Rainer Hofmeyer
Es ist eine
schöne Erzählung, die den Eberbachern schon seit Alters her gefällt. Sie sind stolz darauf, denn es ist die Erzählung von guten Menschen, die sie dereinst gewesen sein müssen. Beim
früheren Rathaus am Alten Markt
vor einer dort angebrachten
Steintafel mit der Jahreszahl 1529 berichten heute noch Stadtführer von einer einst wundersamen Rettung eines Kindes aus Wassernot bei einer großen
Neckar-Überschwemmung.
Es ist wie die Geschichte aus dem Alten Testament, als man den kleinen
Moses im Schilfkorb
auf dem Nil gefunden hat. Es ist die Erzählung vom Eberbacher Tormann. Sie beginnt, als im Juni 1529
das bislang älteste überlieferte und vierthöchste Hochwasser die kleine Neckarstadt heimsuchte. Tormann ist ein Familienname, den man noch heute in den Eberbacher Archiven finden soll, sagt man.

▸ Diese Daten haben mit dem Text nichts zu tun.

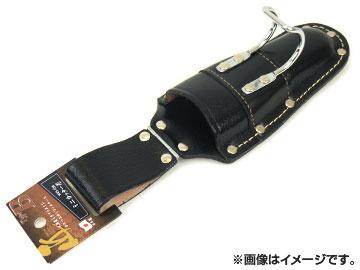 マイスター/Meister 匠 黒革 工具差 Bタイプ ラチェット金具 ミニカッター差付き SK-WKS-03B JAN：4949908084520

1529 hatte Eberbach noch ein Stadttor zum Neckar. Es müssen wohl aufmerksame Wächter gewesen sein, die dort auf dem reißenden Fluss eine
Kinderwiege abwärtstreibend
entdeckt haben. Die Späher haben auch eine Katze
beobachtet, die das kleine Bettchen im Gleichgewicht hielt, sodass es nicht unterging. So ist es überliefert. Was die mutigen Eberbacher dann bewegt hat, die Wiege aus dem Fluss zu bergen, kann vielleicht Tierliebe gewesen sein. Denn die eigentliche Überraschung wird man von der Stadtseite her gar nicht ausgemacht haben können.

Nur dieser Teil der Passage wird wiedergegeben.